HD Install :: Root password retention



This is a weird problem: I have lilo.conf opened in beaver (I am root), and I click in the text, and the file appears to be read only.  I go edit>>toggle readonly mode and beaver reads out:

Quote
Readonly mode cannot be toggled: "lilo.conf" is write protected


What is going on here?

The filesystem on which frugal DSL is installed is read-only, as if it were a cd.  In grub it would be easy enough to get around this by editing its boot parameters at runtime.  I don't believe you can do this with Lilo, though, so you might need to boot a live cd, mount the DSL partition, and edit the file from there.
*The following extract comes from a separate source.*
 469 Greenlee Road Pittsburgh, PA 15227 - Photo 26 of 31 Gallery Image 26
There's probably a simpler solution, but I'm sorry I don't know what it is.

So, I reinstalled with grub.

Now about those boot time run parameters...how does that go?  Could you hum a few bars? ;-)

the menu.lst file should be located at /cdrom/boot/menu.lst (or maybe it's /cdrom/boot/grub/menu.lst?  I'm not sure...i boot DSL from grub installed in another distro). This file is probably read-only by default, being on a read-only file system.  You can mount it read-write in at least two ways....
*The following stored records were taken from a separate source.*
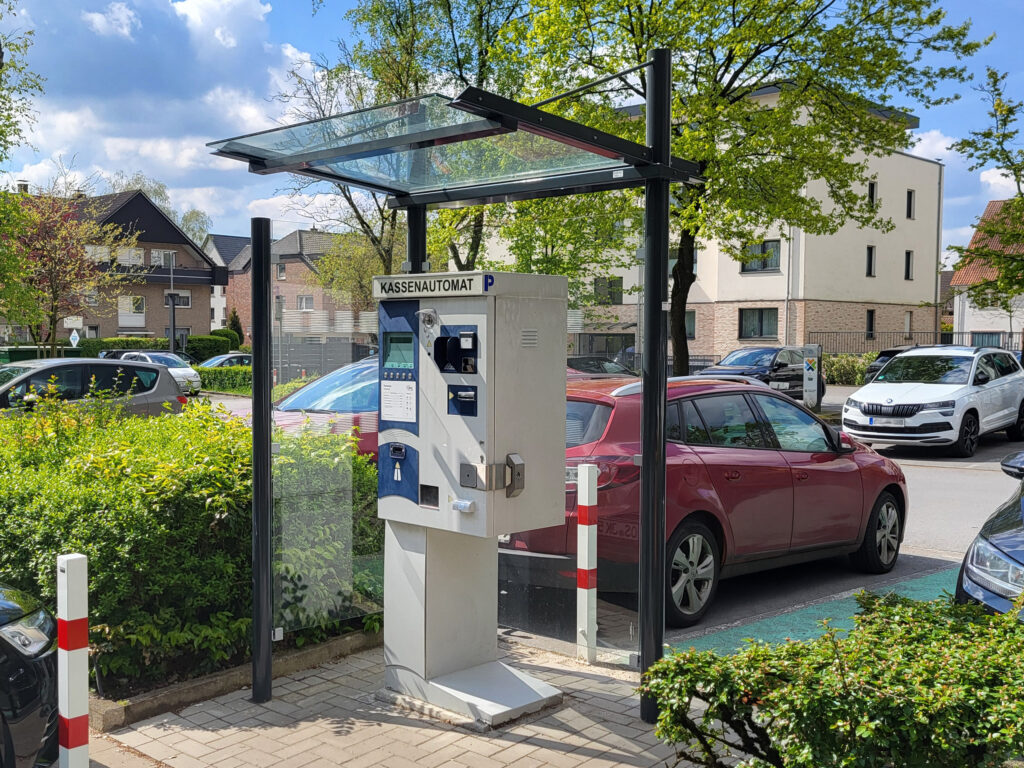 Klein-Überdachung System O als Unterstand für einen Parkscheinautomat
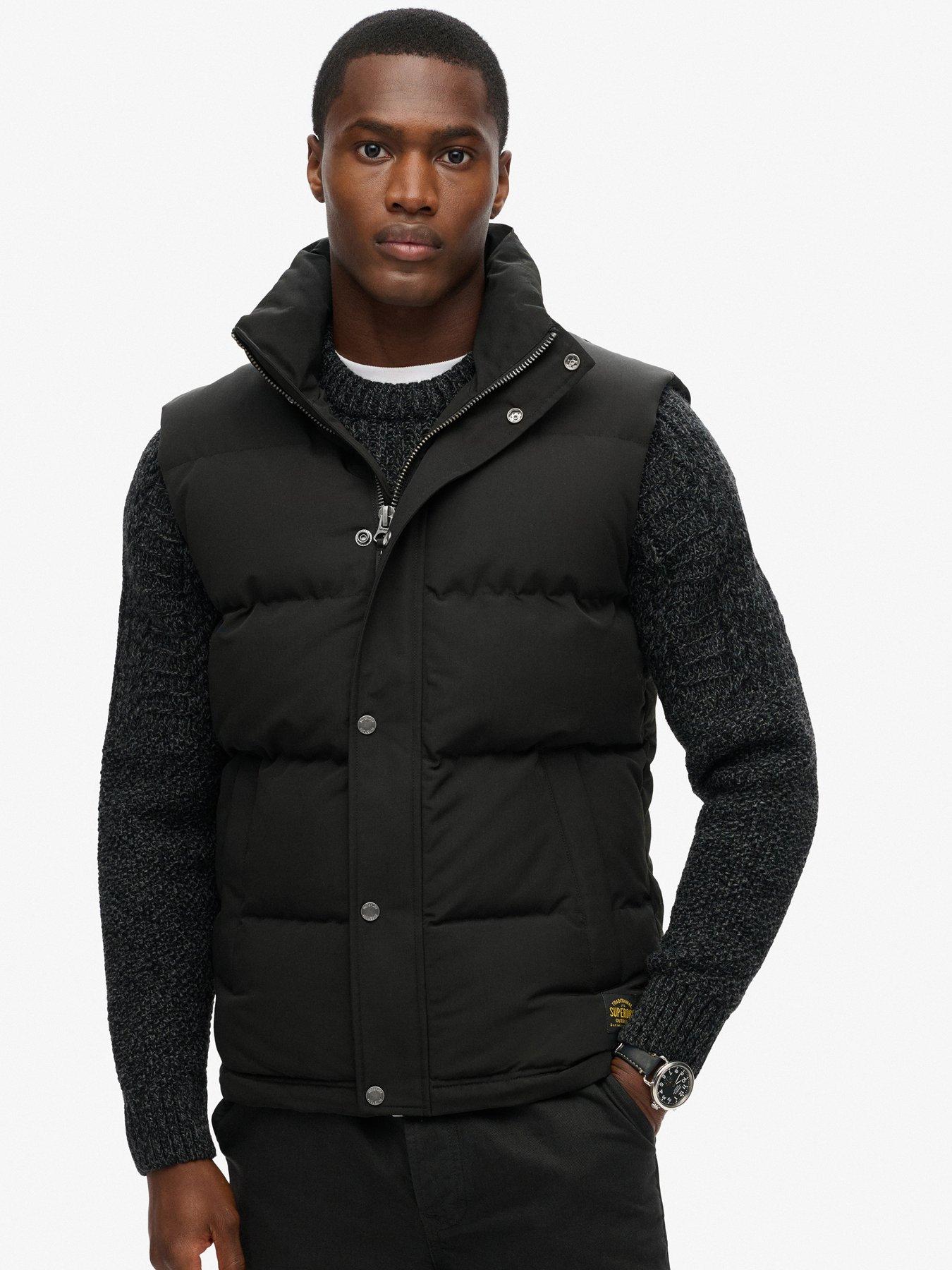 superdry-non-hooded-everest-padded-gilet-blackoutfit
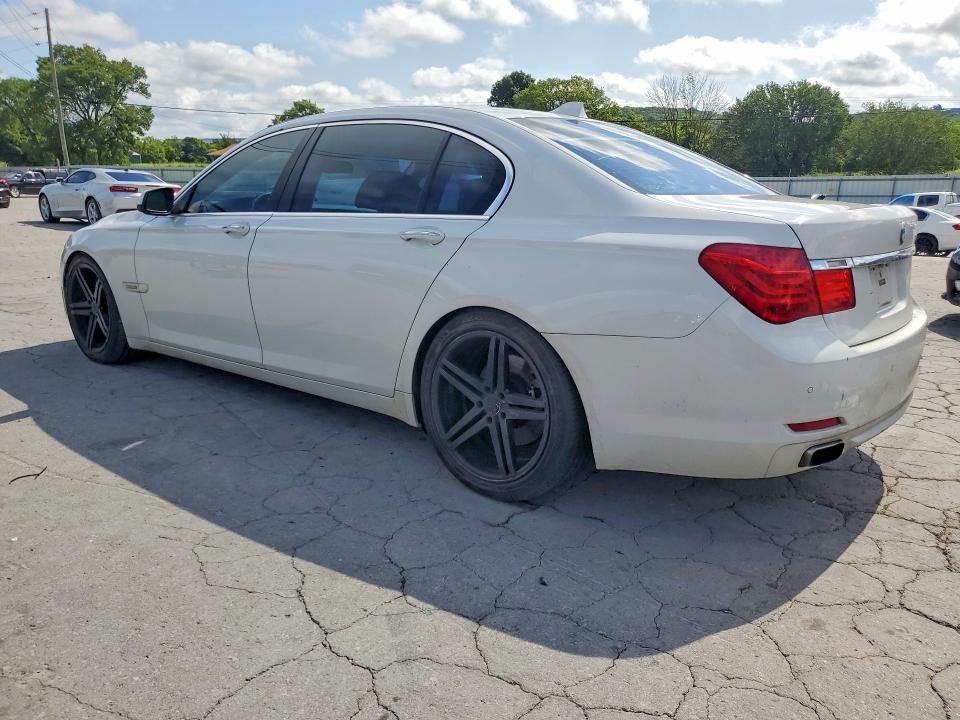 Photo 2 from auction – 2012 BMW 740 with VIN WBAKB4C56CC576533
1) If you're already in DSL, issue the mount command on that partition with the remount rw option:
mount /dev/something -o remount rw
I'm not positive that's the proper syntax...never had much reason to remount partitions myself.

2) If you're booting up DSL, wait until Grub displays options to boot, select the DSL system you want to boot (up/down arrow keys to select), press "e" to edit the DSL entry, select the kernel line, press "e" again to edit that line, add "dsl frugal" to the kernel line, press "Enter", then press "b" to boot with your change. This is a temporary change...it will not be there the next time you boot.
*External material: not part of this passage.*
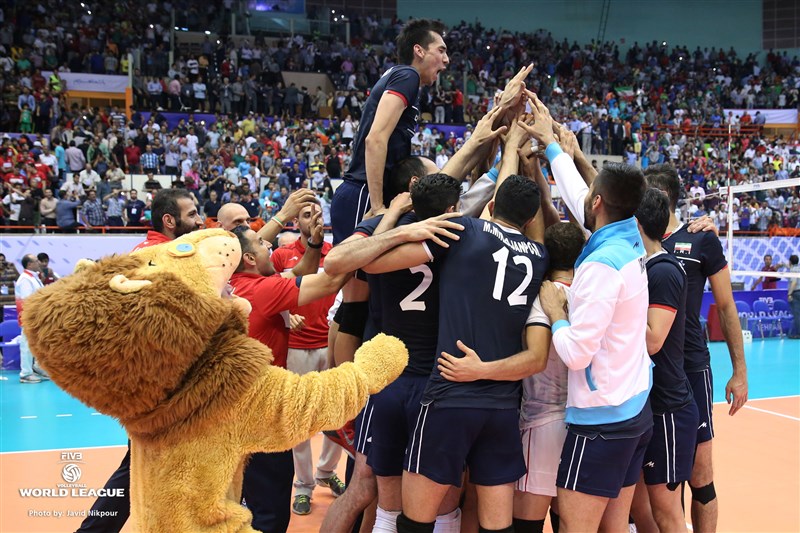 شادی عجیب و بامزه شیربچه های تیم ملی(عکس)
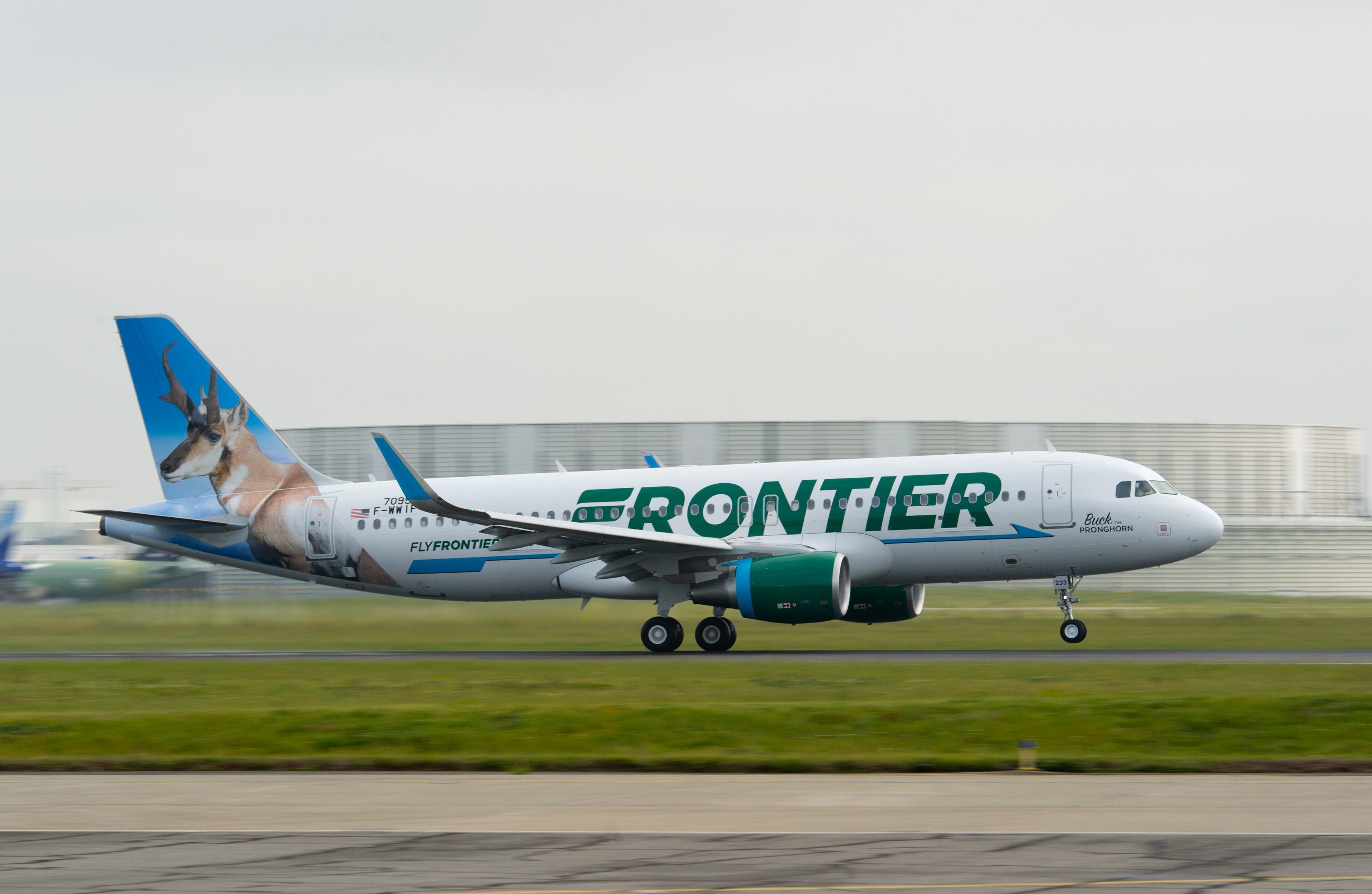 A320 Frontier Airlines - Take Off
After the system boots up, you will hopefully have a writeable partition.  Go to the menu.lst file, find the kernel line for DSL, and add "dsl home=something" as root (something=hda1 or hdb2 or whatever you have available).  The next time you boot, the partition you specified with "something" should be used as your home.

Note that this will not work if "something" is the same partition as the one containing KNOPPIX unless you also use the "toram" boot option.  I wouldn't recommend it with 96mb of ram.

Looks like that procedure succeeded in making menu.lst read/write! Yeah!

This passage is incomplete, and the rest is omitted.